── ENTRIES PROVIDED

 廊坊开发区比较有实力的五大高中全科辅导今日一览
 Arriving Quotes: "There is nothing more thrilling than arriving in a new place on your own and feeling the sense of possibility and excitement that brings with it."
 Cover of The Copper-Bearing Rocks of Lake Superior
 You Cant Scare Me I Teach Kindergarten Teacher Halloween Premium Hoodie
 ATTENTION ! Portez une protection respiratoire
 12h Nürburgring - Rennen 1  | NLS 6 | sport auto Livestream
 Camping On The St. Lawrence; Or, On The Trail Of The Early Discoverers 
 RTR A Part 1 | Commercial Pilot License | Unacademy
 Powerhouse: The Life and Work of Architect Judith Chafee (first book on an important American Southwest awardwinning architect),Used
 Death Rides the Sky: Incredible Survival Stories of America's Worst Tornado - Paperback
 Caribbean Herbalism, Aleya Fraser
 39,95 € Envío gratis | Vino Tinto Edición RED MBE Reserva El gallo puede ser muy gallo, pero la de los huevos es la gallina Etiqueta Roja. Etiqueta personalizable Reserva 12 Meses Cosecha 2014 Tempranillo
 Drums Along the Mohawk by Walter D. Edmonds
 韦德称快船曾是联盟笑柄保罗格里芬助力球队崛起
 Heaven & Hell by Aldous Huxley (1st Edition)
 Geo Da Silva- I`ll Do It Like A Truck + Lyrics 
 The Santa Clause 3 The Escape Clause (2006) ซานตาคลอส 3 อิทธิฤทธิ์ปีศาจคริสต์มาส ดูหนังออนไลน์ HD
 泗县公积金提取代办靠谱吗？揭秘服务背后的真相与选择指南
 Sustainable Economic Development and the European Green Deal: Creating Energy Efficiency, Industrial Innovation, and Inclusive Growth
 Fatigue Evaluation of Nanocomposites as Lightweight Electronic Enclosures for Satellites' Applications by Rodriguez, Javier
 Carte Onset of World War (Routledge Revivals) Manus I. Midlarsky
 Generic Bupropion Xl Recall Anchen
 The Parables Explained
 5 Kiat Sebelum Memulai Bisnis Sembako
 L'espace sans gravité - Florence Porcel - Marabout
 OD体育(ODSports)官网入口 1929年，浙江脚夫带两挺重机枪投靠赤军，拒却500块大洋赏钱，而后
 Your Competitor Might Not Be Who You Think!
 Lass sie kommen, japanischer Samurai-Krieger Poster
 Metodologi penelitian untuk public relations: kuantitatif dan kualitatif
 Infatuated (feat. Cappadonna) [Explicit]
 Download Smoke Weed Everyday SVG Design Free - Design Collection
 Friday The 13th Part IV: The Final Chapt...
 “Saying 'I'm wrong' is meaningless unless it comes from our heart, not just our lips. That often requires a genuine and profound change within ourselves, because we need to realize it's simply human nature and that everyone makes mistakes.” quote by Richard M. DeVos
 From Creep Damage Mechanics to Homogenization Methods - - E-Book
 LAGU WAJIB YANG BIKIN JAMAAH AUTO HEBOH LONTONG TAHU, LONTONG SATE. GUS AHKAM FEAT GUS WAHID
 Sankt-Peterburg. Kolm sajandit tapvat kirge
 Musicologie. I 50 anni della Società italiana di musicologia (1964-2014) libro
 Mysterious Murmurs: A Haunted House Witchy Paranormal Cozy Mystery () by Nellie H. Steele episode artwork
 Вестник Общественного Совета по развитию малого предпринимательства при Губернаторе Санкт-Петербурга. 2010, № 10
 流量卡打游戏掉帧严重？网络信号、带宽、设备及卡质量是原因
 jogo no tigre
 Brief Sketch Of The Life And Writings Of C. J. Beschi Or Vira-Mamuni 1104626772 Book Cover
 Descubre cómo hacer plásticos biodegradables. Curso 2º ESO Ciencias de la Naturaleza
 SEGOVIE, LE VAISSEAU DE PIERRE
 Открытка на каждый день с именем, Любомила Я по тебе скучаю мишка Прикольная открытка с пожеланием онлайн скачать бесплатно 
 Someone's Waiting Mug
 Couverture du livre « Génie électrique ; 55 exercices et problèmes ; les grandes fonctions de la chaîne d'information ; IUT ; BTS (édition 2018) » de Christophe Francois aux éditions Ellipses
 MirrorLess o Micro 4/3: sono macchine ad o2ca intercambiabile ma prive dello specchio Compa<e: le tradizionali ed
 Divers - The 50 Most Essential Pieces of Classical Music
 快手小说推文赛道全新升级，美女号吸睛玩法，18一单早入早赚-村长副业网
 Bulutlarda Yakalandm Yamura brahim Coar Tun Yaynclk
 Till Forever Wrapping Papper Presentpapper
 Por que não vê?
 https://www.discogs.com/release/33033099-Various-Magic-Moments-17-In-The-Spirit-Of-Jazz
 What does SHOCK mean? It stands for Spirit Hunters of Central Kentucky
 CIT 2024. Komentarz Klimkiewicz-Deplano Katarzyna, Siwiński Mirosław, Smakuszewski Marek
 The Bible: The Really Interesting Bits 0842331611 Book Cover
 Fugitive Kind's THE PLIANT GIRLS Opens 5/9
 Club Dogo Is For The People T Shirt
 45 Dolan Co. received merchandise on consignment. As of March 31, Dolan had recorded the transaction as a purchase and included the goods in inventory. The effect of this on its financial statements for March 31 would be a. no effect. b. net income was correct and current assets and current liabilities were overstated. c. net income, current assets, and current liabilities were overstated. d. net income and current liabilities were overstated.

────

WORK TO COMPLETE> Among the records, count every line where "that" appears. Reply with the total alone.

REPLY TO THE EXERCISE> 2